Indeed, several years later, Parisians discovered that three solid blocks of compressed cars could become works of art. César’s Compression sculptures captured the public’s attention at the 1960 Salon de Mai, scandalizing visitors and art critics alike. The Compressions were a new departure for César that would bring him international fame. In an interview with Daniel Abadie, director of the Jeu de Paume, César recounted the story behind his Compressions:
“As I was always working with discarded metal, it became a habit for me to stop by different scrap iron merchants. I discovered that they have special presses to compress metal like bricks. One day I picked up some compact compressions of … aluminum and copper. I took them as Picasso would take an object like the handlebar or seat from a bicycle.”

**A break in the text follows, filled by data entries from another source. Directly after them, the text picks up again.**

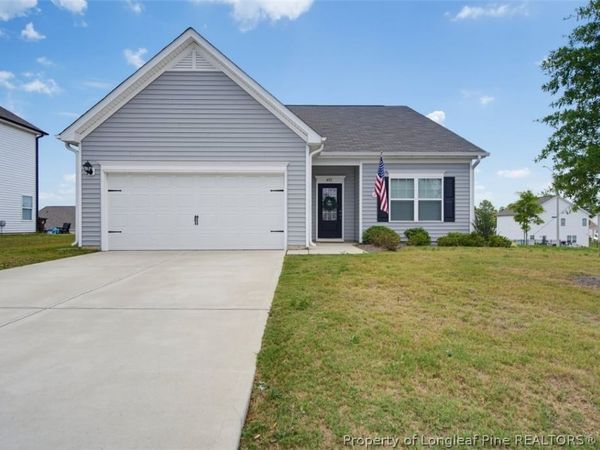 453 Troy Drive, Sanford, NC 27332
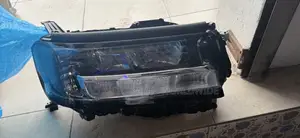 Toyota Land Cruiser V8 Touring Headlights 2022-2026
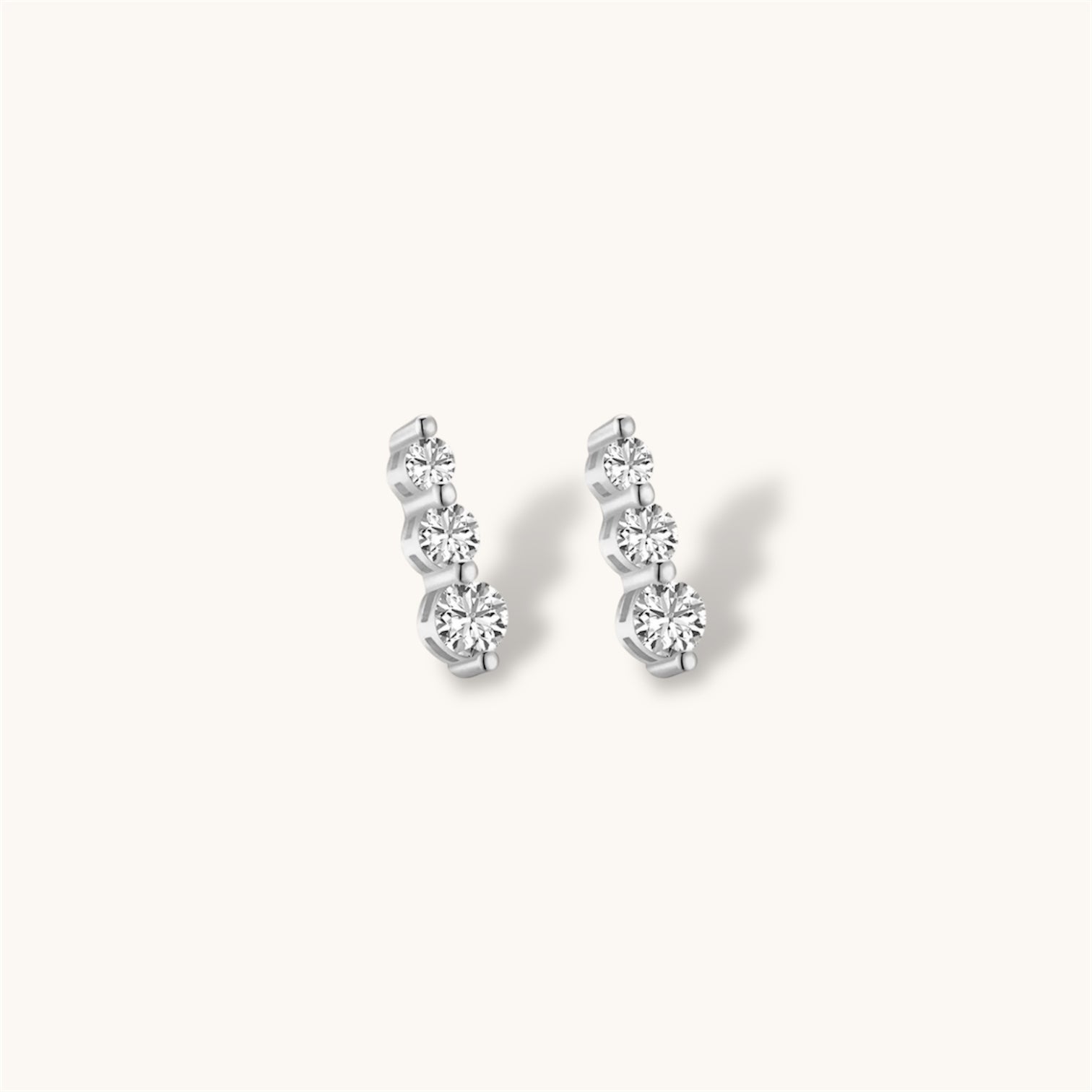 Memoire Studs Allyzure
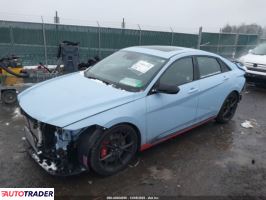 Hyundai Elantra 2025 2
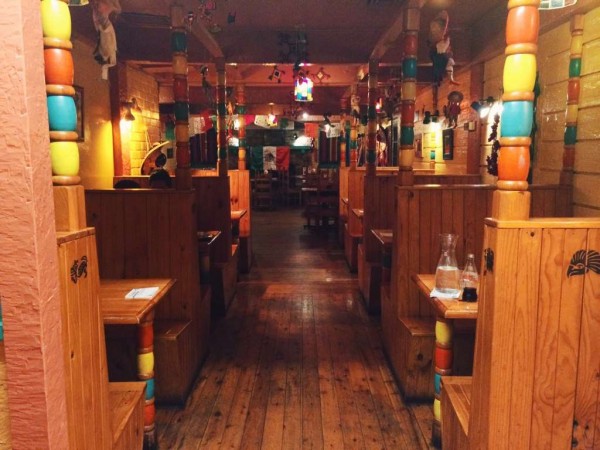 Montezumas Mesa Crows Nest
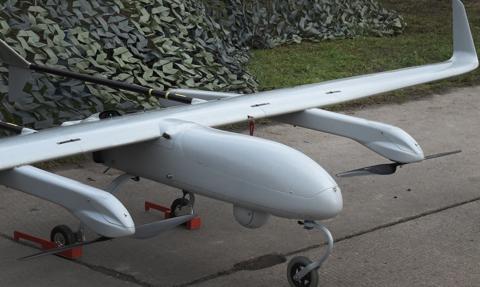 Zmasowany atak na Ukrainę. Setki rakiet i dronów spadło przy granicy z Polską
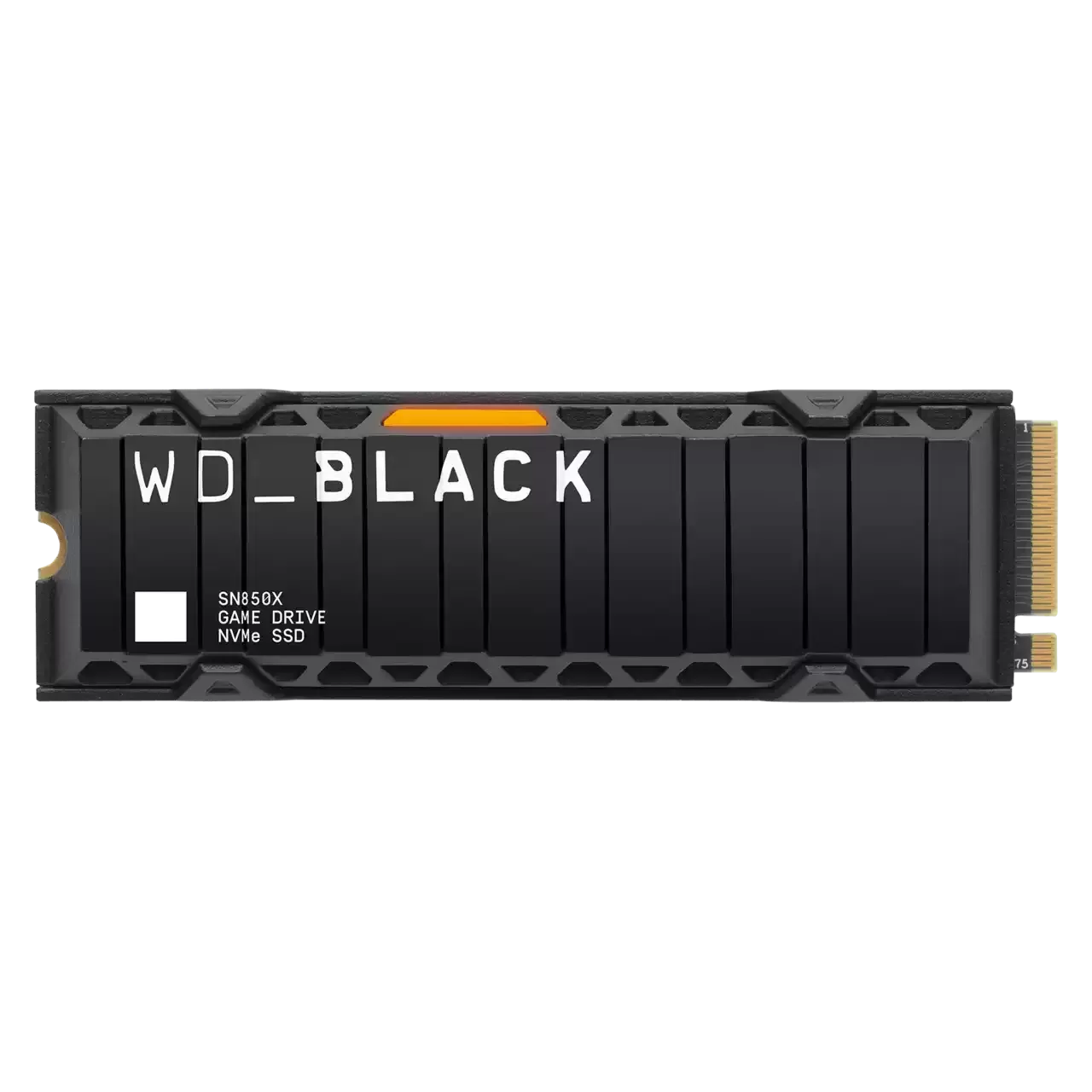 SSD Western Digital WD Black SN850X  1TB  Heatsink  M.2 2280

One day César went to the projection of a documentary film about America. One segment showed a surrealistic dumpyard with mountains of cars. A giant crane with magnets transported and fed wrecked cars into a press. Once compressed, the cars were stacked. César was entranced by the extraordinary palette of colorful metal blocks. He saw immediately that the cars were being transformed into sculpture. “Although I had received a classical academic training, my vision changed through my work with scrap iron. I entered the factory world and learned to approach recuperated materials in their own language.”
César’s work with a giant press in a French factory rapidly established his reputation in the international art world. He was soon off to New York to prepare a one-man show at the Saidenberg Gallery. Simultaneous exhibits for several New Realist artists had been organized in New York galleries that year. Pop Art was the major American trend and many saw a more intellectual French equivalent in works produced by the 13 artists associated with Pierre Restany’s New Realist Manifesto. Restany claimed that “New Realism artists simply registered sociological reality without any controversial intention.” However, the dramatic effects of César’s Compressions, Arman’s Accumulations, Yves Klein’s blue monochromes and Tinguely’s nonsensical machines were attention-getting, to say the least. Works by New Realist artists quickly became cultural icons, subject to comparison with art by their English and American counterparts.

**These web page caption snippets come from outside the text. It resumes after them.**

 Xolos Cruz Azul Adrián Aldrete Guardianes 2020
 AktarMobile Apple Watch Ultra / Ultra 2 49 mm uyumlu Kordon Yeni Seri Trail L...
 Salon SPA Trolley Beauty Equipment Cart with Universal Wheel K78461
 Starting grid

César found himself in the “Big Apple” for shows with Klein and Jean Tinguely, and the three of them paid a visit to Marcel Duchamp. That first trip was the beginning of a lifelong attachment to New York. Even today César is wistful. “I would love to live in New York,” he says. “Whenever I have 3 or 4 days I fly over for a short vacation. New York was the dream of all French artists of my generation. With the coming of WWII we saw the art center shift from Paris to New York. During the war years there were many French artists living in New York. They had an important role in the art scene. After the war, things changed. Today, contemporary French artists are not really known in the United States.”
César himself appears to be an exception to this rule. His works are in public and private collections around the world. His extensive research with the flowing, lava-like qualities of new plastic substances are easily recognizable in Expansions that were once described as a “giant squirt of toothpaste sitting on the gallery foor.” Monumental imprints of his thumb are another popular image associated with César’s work in different countries.
This major retrospective highlights the progressive evolution of César’s work over nearly a half century. It is a rare opportunity to enter the spirit of this unique artist’s explorations, discovering what César once termed “the language of the material.”